→ **RECORDED DATA**:
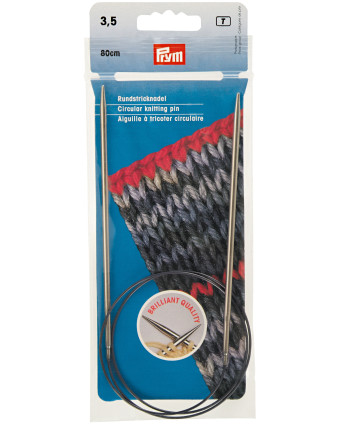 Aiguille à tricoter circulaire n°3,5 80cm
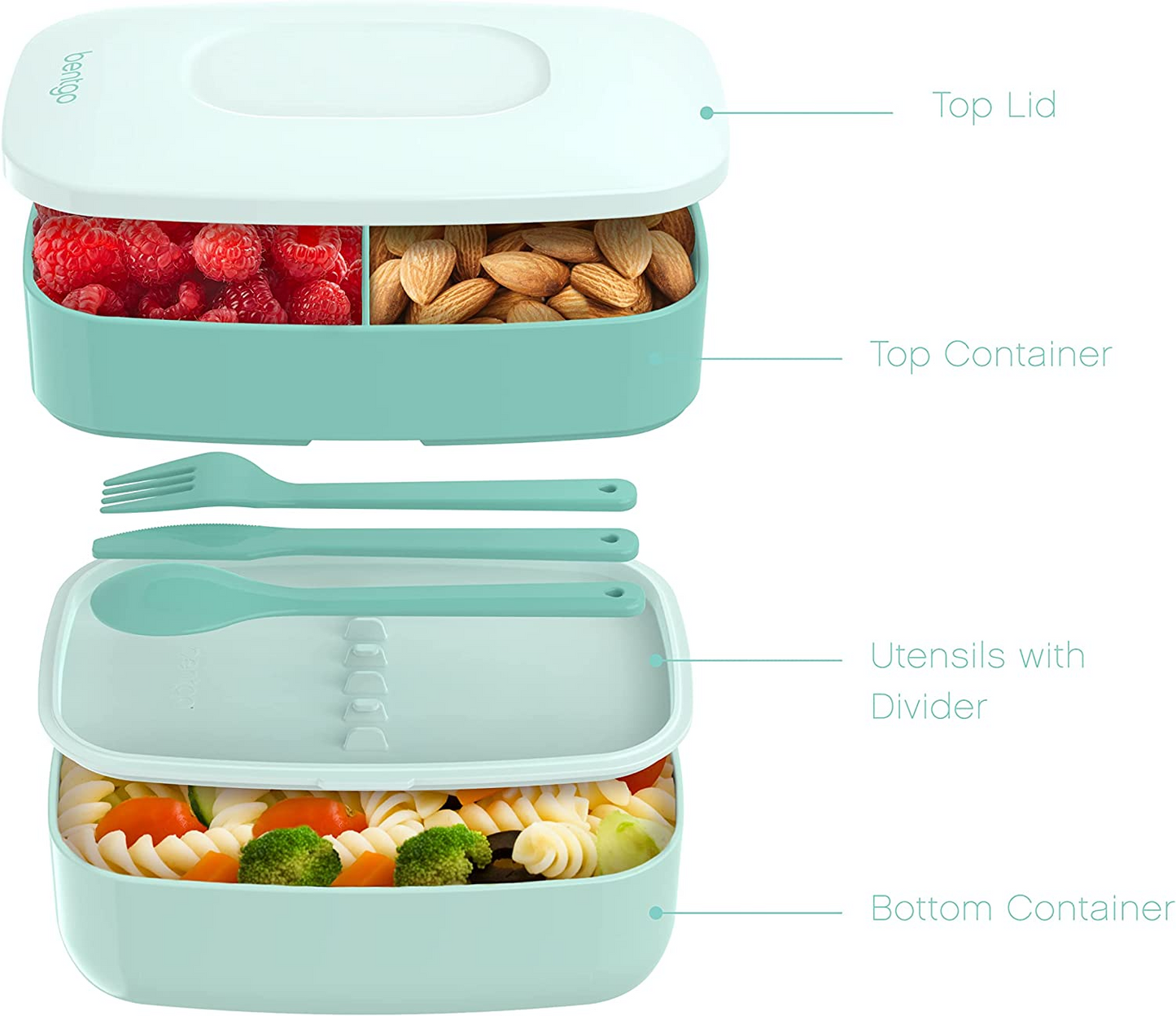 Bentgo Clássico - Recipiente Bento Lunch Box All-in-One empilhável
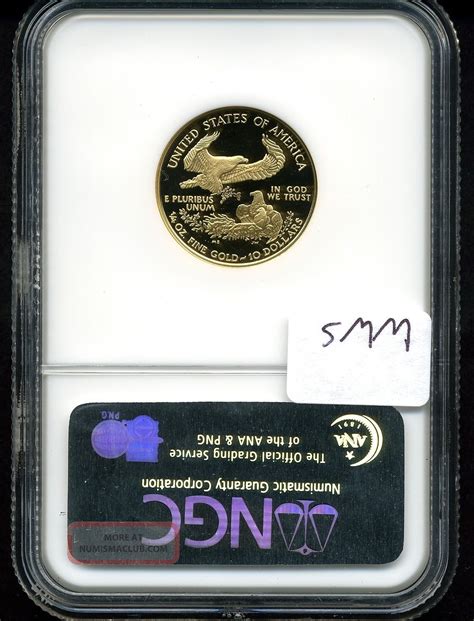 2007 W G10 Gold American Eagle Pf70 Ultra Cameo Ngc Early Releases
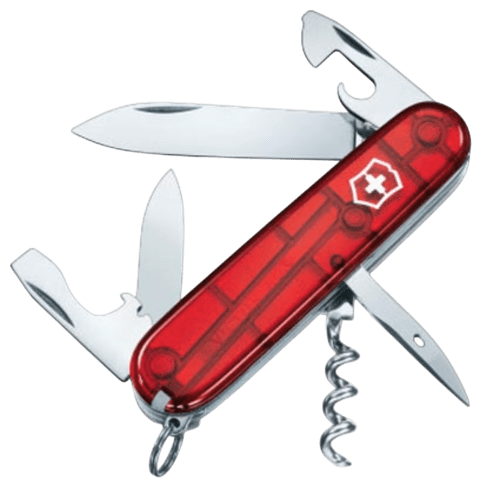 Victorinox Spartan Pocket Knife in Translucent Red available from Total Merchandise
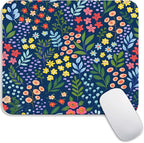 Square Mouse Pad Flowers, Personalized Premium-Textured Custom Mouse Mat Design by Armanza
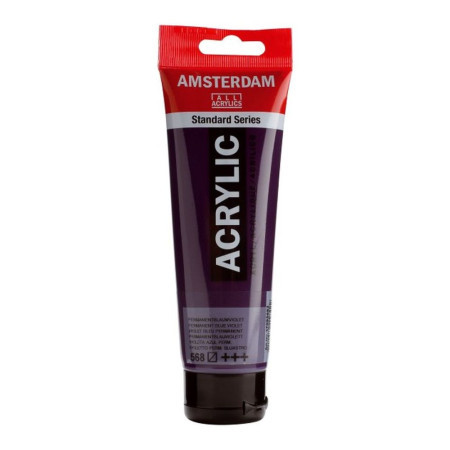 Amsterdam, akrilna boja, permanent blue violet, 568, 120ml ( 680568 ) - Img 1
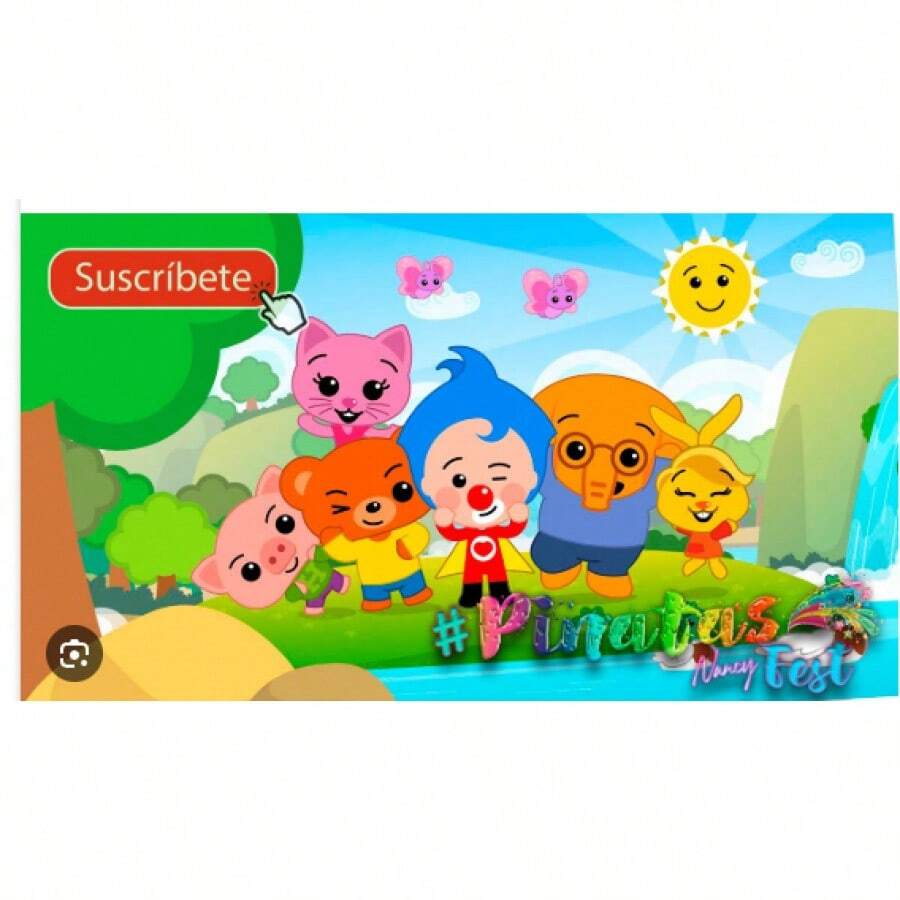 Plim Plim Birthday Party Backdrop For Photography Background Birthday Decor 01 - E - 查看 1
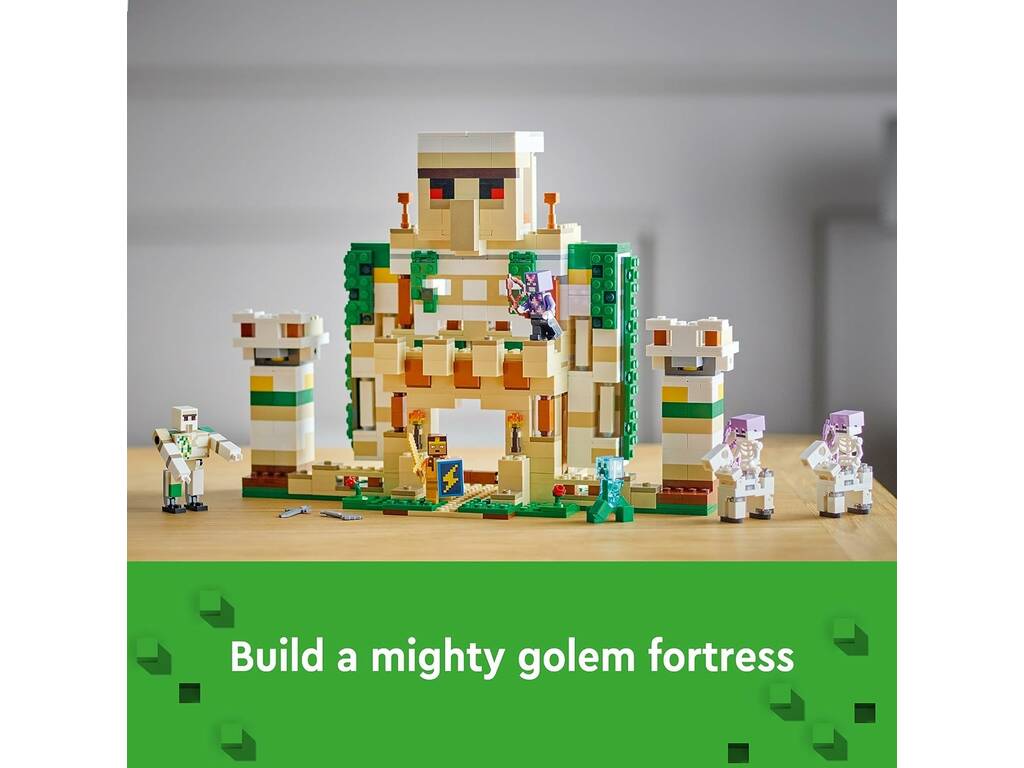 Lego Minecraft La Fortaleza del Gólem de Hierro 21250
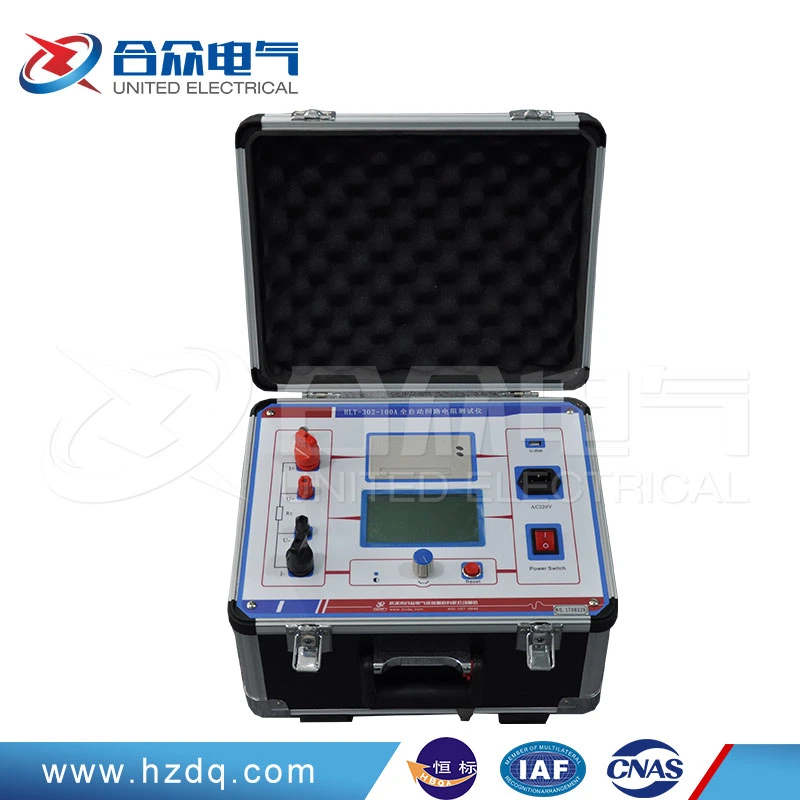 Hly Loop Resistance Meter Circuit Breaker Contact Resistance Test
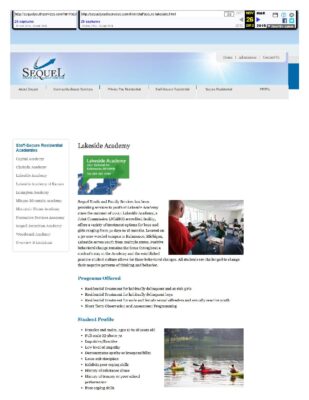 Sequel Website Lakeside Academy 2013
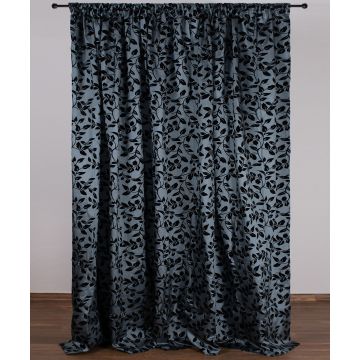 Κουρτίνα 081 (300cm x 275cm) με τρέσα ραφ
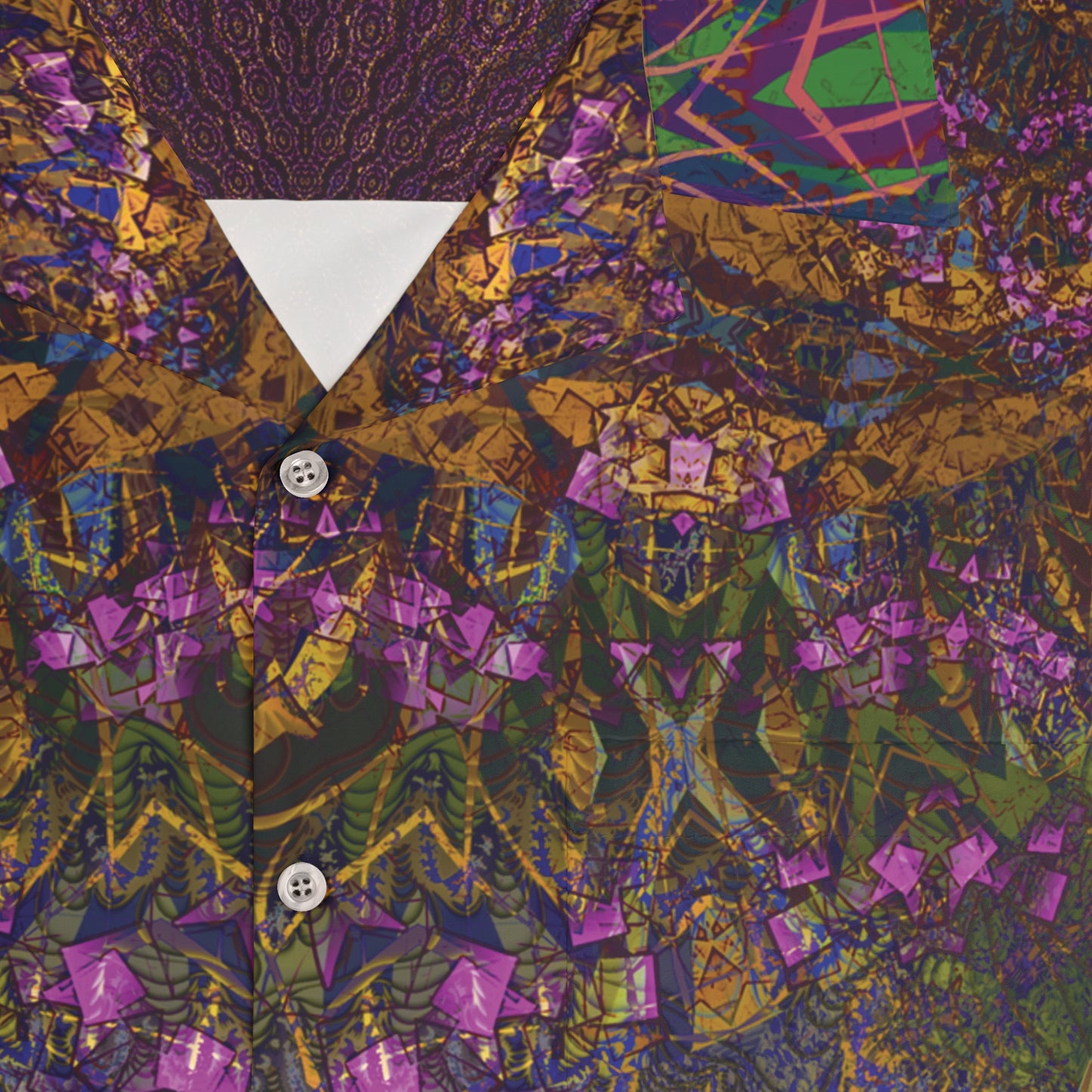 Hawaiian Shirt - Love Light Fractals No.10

→ **ACTIVITY**:
Transcribe the data exactly and leave no picture in the copy.

→ **ANSWER BELOW**:
 Aiguille à tricoter circulaire n°3,5 80cm
 Bentgo Clássico - Recipiente Bento Lunch Box All-in-One empilhável
 2007 W G10 Gold American Eagle Pf70 Ultra Cameo Ngc Early Releases
 Victorinox Spartan Pocket Knife in Translucent Red available from Total Merchandise
 Square Mouse Pad Flowers, Personalized Premium-Textured Custom Mouse Mat Design by Armanza
 Amsterdam, akrilna boja, permanent blue violet, 568, 120ml ( 680568 ) - Img 1
 Plim Plim Birthday Party Backdrop For Photography Background Birthday Decor 01 - E - 查看 1
 Lego Minecraft La Fortaleza del Gólem de Hierro 21250
 Hly Loop Resistance Meter Circuit Breaker Contact Resistance Test
 Sequel Website Lakeside Academy 2013
 Κουρτίνα 081 (300cm x 275cm) με τρέσα ραφ
 Hawaiian Shirt - Love Light Fractals No.10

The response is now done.